If a line below falls between the line with "New Air NIF-56-CG Glass Door Chest Freezer" and the line with "Zdjęcie produktu Brand", or is one of those two, output it exactly; output nothing else and no pictures.

---------- INFORMATION SHOWN ----------

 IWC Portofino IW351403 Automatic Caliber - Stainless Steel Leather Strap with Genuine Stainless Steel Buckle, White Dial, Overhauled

----------
---------- INFORMATION SHOWN ----------

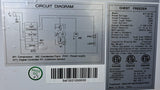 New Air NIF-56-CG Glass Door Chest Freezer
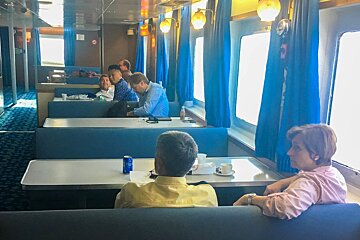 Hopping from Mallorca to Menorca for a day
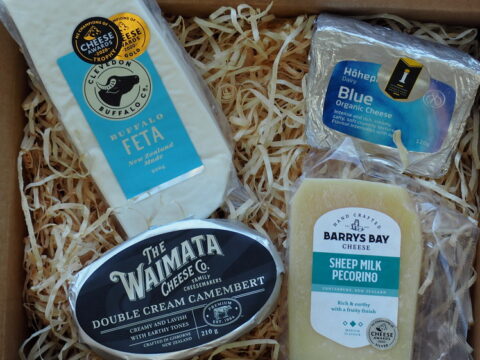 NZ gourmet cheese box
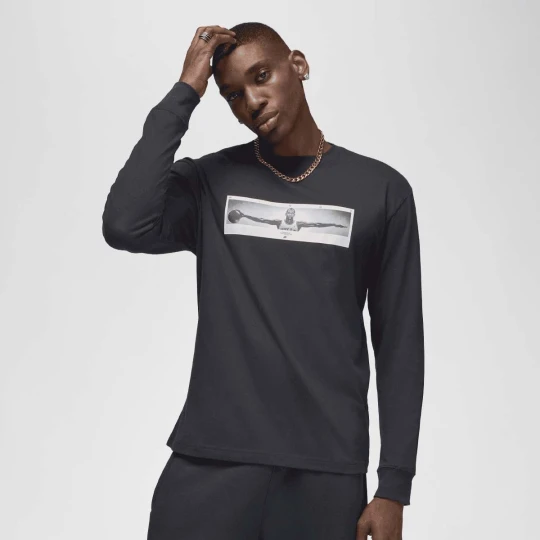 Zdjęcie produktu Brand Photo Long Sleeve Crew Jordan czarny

----------

◆ TASK RESULT:
 New Air NIF-56-CG Glass Door Chest Freezer
 Hopping from Mallorca to Menorca for a day
 NZ gourmet cheese box
 Zdjęcie produktu Brand Photo Long Sleeve Crew Jordan czarny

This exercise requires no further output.